5. Properly construed, the petition of the plaintiff seeks to cancel her deed, bill of sale, and notes, which she alleges she gave to the defendant, a creditor of her husband, in the assumption and payment of the husband’s debt to the creditor, to recover such of her property so conveyed to the defendant as has not been disposed of by him, with the rents and profits thereof, and to recover the value of such of her said property as the defendant may have sold and disposed of; and so construed, the petition sets forth a cause of action, and the trial judge did not err in overruling the general demurrer on the ground that the same set forth no cause of action, either legal or equitable.

6. The petition is not multifarious.

7. The petition is not subject to demurrer on the ground that the plaintiff does not offer to do equity, she offering to reimburse the defendant for taxes and any money which it may be found on the final hearing of the case had been expended by him in removing the incumbrance which she had placed on the real estate involved in this litigation.

8. Any rights, legal or equitable, of the defendant as the husband’s creditor to subject to the payment of the husband’s debt to him the automobile given by the husband to the wife, and afterwards conveyed by her to the creditor, will not render her bill of sale good, if' made to pay her husband’s debt.
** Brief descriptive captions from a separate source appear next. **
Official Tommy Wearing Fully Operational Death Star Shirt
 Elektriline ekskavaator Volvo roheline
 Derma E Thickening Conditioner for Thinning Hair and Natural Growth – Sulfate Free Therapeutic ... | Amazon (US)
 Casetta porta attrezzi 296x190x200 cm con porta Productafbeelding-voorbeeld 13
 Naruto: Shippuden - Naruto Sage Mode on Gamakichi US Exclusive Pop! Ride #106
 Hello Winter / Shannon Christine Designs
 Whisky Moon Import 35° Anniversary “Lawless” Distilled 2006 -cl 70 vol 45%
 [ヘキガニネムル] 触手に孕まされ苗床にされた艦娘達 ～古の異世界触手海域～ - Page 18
The bill of sale, being one transaction, can not be upheld on the ground that it conveyed to the creditor this automobile, which was subject to the payment of the husband’s debt; but the most that can be done is to give effect to any rights of the defendant in this respect. Bond v. Sullivan, 133 Ga. 160 (65 S. E. 376, 134 Am. St. R. 199.

9. The grounds of special demurrer are without merit.

Judgment affirmed.

All the Justices concur. The minimum market value, on August 5, 1920, and November 2, 1920, of the soda-fount and cash register was $600; and the minimum market value of said automobile as represented to her by the defendant was from $2000 to $2500. She was not called on to pay the first of said notes and heard nothing more from the defendant until November 2,.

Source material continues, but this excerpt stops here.